Short descriptive text snippets
################

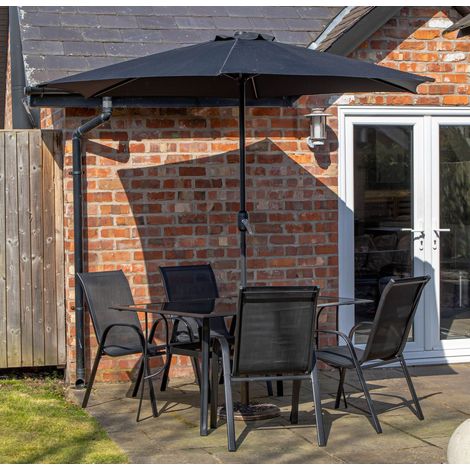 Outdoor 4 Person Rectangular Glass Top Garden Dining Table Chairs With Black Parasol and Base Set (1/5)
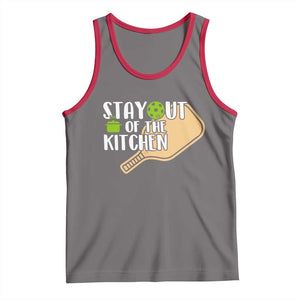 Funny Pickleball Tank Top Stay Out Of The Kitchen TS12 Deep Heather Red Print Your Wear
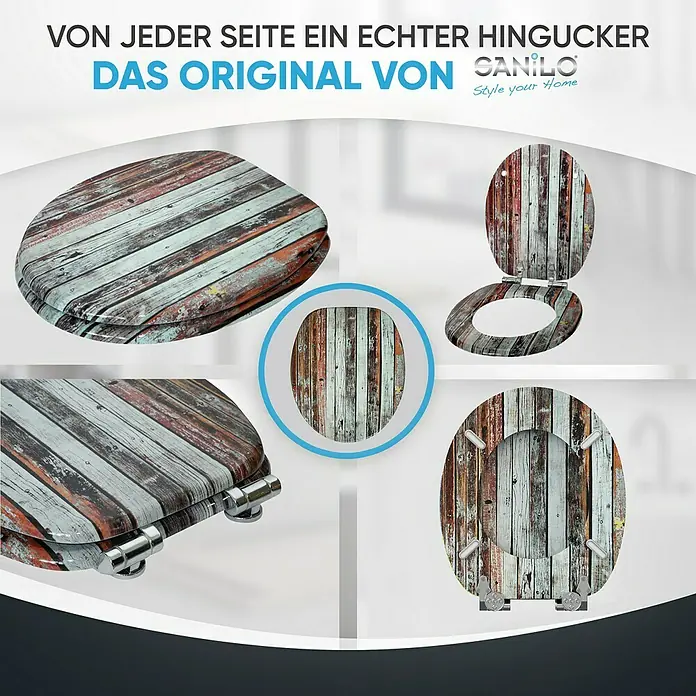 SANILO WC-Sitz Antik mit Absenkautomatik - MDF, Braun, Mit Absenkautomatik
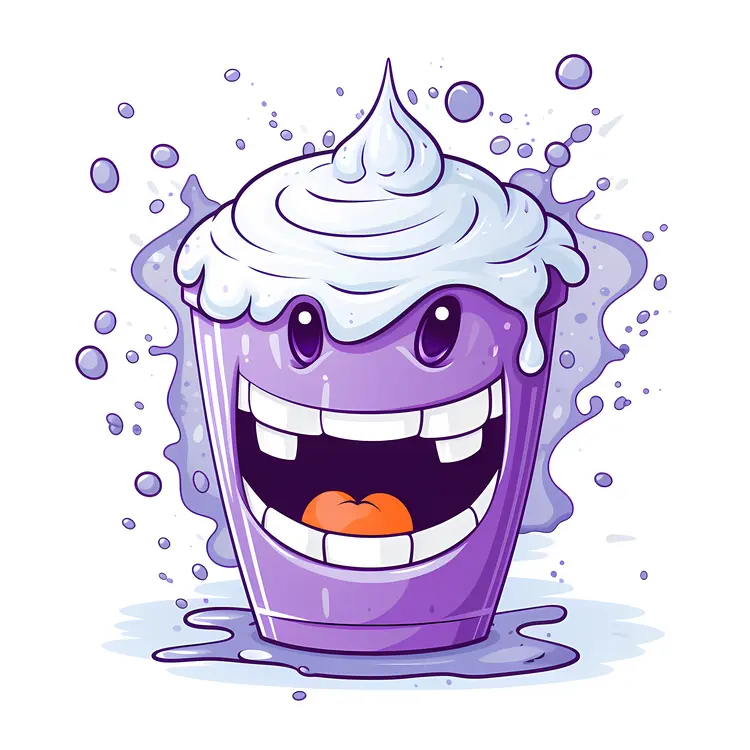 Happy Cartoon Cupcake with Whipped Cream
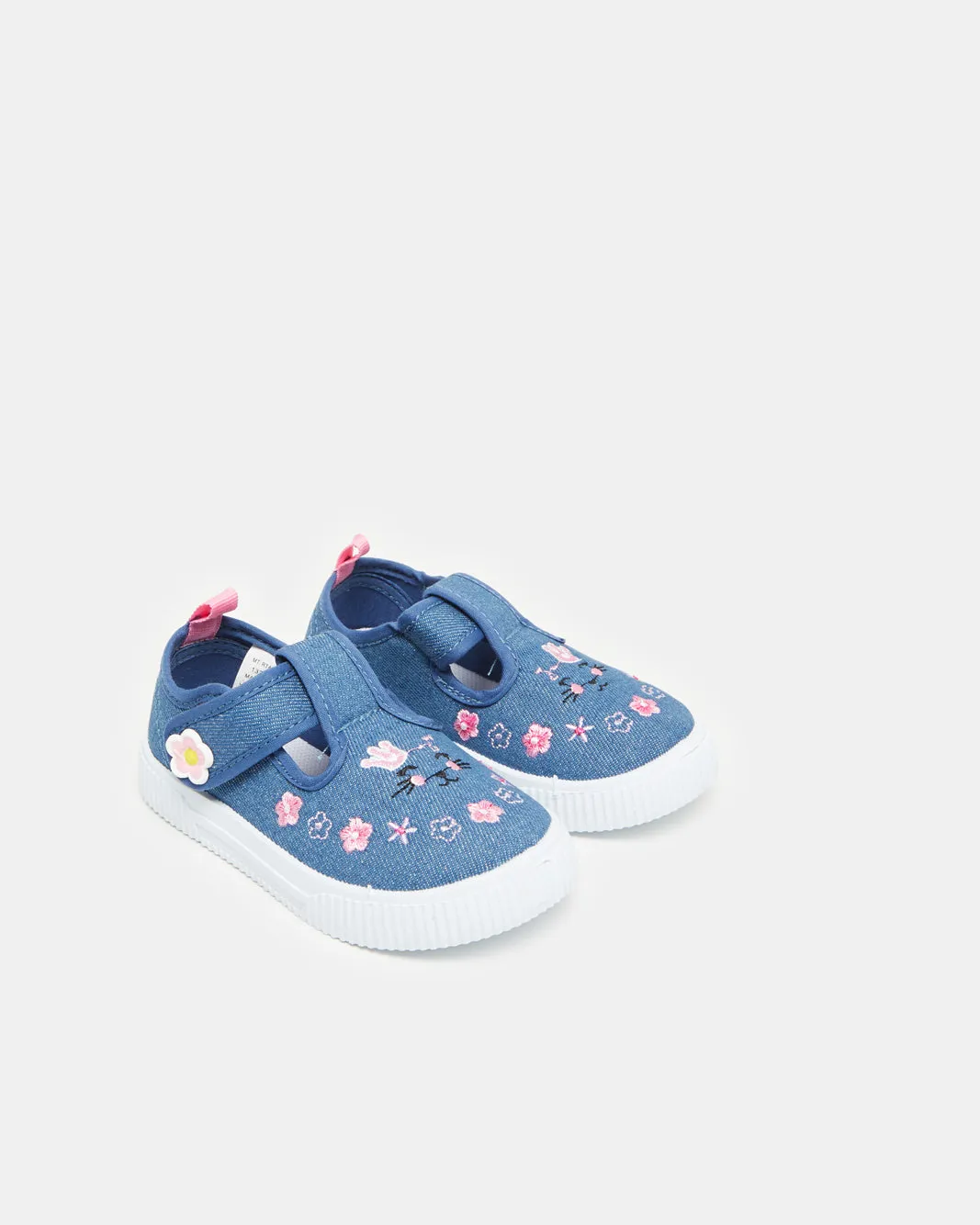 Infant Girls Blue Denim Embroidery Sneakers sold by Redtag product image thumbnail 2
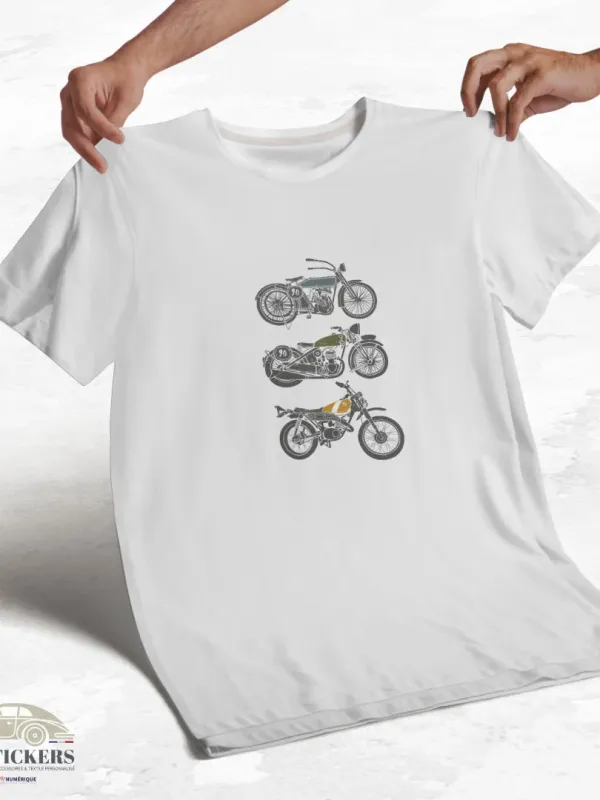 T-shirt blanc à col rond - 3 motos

################

- _Aim of the task_: All entries, top to bottom, should be retyped exactly; the pictures should not be.

- _Completed exercise_:
 Outdoor 4 Person Rectangular Glass Top Garden Dining Table Chairs With Black Parasol and Base Set (1/5)
 Funny Pickleball Tank Top Stay Out Of The Kitchen TS12 Deep Heather Red Print Your Wear
 SANILO WC-Sitz Antik mit Absenkautomatik - MDF, Braun, Mit Absenkautomatik
 Happy Cartoon Cupcake with Whipped Cream
 Infant Girls Blue Denim Embroidery Sneakers sold by Redtag product image thumbnail 2
 T-shirt blanc à col rond - 3 motos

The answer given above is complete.